Your task | Of all the lines in the material, how many carry the string "Jacket"? Respond with the number by itself.

= = = = = = =

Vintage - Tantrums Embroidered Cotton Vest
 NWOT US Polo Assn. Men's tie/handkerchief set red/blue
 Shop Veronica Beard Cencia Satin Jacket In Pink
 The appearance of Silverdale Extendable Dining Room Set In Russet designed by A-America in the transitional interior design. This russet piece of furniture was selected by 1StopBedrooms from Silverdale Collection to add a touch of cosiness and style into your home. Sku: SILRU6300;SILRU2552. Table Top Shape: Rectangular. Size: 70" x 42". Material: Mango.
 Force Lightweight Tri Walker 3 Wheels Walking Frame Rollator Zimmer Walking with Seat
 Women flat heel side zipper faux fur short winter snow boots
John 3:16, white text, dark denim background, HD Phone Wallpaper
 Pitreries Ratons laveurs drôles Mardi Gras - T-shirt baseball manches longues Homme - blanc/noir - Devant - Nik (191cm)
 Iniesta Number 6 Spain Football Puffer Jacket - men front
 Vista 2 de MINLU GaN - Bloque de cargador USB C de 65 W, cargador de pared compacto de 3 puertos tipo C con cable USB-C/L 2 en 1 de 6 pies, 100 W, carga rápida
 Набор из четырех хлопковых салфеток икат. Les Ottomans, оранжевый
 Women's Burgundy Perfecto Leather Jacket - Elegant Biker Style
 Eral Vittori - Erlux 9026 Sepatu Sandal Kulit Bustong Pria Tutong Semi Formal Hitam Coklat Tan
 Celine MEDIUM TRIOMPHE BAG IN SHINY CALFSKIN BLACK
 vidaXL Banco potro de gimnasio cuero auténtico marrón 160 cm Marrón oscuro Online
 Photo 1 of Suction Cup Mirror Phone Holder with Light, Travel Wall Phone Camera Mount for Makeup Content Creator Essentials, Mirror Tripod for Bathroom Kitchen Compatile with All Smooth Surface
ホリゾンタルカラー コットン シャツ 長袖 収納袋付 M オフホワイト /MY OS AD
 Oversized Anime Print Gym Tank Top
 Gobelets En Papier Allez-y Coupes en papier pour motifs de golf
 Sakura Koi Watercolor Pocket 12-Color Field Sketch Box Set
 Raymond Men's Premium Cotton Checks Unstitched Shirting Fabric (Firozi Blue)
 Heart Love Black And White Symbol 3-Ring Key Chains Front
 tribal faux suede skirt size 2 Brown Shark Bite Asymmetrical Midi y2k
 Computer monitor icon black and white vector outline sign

= = = = = = =

Reply | 3